Since its inception, the Consortium has been formulating the standards for mutual-use swappable batteries and their related systems, as well as replacement programs. The group sees these issues as the reason why widespread adoption of electric motorcycles has yet to happen, despite improvements in drive range and reduction of charging time. They hope to speed it up because it is a more environmentally friendly and convenient form of mobility.

In order to establish the convenience and effectiveness of mutual-use swappable batteries, the Consortium has been cooperating since last year with the “e-Yan OSAKA” field tests conducted by the Japan Automobile Manufacturers Association's Electric Motorcycle Promotion Subcommittee in collaboration with Osaka Prefecture and the national university corporation Osaka University, aimed at popularizing and increasing the adoption of environmentally-friendly electric motorcycles.
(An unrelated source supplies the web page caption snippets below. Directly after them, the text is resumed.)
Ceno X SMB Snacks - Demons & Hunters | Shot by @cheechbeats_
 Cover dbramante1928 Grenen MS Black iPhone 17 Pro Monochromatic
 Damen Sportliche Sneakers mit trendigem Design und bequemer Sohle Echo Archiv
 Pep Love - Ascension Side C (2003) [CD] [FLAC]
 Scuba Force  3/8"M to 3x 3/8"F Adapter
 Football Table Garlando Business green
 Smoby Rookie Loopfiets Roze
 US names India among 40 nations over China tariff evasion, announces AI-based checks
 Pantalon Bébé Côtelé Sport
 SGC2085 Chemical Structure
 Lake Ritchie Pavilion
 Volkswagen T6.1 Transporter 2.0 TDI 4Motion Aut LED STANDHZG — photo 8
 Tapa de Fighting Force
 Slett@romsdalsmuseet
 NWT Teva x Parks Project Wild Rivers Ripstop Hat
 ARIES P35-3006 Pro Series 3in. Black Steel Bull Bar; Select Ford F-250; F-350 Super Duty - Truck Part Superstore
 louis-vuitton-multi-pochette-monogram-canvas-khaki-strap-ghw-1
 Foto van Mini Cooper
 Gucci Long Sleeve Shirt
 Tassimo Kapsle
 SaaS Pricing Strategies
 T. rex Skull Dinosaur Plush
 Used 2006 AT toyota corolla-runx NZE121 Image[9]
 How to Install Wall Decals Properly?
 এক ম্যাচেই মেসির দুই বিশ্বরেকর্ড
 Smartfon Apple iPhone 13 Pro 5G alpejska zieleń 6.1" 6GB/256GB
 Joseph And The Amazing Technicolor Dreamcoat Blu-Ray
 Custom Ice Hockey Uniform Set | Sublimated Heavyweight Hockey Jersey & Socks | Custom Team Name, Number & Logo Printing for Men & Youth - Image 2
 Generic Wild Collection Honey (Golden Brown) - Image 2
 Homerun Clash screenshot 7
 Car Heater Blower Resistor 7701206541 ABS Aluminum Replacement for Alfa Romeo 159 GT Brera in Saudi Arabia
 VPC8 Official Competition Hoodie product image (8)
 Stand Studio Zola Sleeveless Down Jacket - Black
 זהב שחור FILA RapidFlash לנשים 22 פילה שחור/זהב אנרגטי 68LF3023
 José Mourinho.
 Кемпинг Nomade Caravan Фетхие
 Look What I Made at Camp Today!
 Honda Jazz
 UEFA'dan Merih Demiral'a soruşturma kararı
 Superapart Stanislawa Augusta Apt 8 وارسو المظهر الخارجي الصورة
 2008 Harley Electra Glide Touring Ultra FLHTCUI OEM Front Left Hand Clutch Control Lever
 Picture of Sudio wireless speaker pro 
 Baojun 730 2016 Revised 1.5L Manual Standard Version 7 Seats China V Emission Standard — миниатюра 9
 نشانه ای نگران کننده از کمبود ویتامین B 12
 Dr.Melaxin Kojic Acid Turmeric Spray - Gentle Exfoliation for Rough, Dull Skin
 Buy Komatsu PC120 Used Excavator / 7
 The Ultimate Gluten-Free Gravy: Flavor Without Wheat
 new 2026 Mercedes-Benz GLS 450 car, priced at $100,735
Japanese Big Four to use standardized swappable battery image

By aggreeing on a standardized swappable battery, owners of electric motors can simply pull out their used battery, deposit it at a charging location, and pickup a new, fully-charged one for a small fee. If all the brands agree on one kind of battery, the cost of producing batteries, putting up charging networks, and even recycling batteries can be significantly reduced as well as made more convenient.

Taiwan's Gogoro brand already has such a system in place in its home country, which already has widespread electric scooter use.

The new standardized battery is compliant with specifications recommended by the Society of Automotive Engineers of Japan, Inc. Organization (JASO) technical paper TP21003 issued on March 19. The Consortium will work hand in hand with the Japan Automobile Manufacturers Association to realize international mutual-use (international standardization).

Unfortunately, the consortium hasn't indicated which battery they'll use. Honda and Yamaha have already developed their own swappable batteries. In addition, Yamaha and Suzuki have some models that are compatible with Gogoro's batteries.

“This agreement for the standardization of mutual-use batteries is an achievement made possible through the four Japanese motorcycle manufacturers working together over the past two years. I am grateful to all those associated with the Consortium and the Society of Automotive Engineers of Japan, Inc. for their understanding and support,” Noriaki Abe, Consortium Representative Secretary, and Managing Officer, Motorcycle Operations, Honda Motor Co., Ltd.

Besides the Big 4 Japanese brands, there's a chance this could be adopted by European brands too. Yamaha and Honda have also formed another consortium that includes the KTM and Piaggio groups. This means that future KTM, Husqvarna, Piaggio, Vespa, Aprilia, and Moto Guzzi may use a similar battery for their future electric motorcycles as well.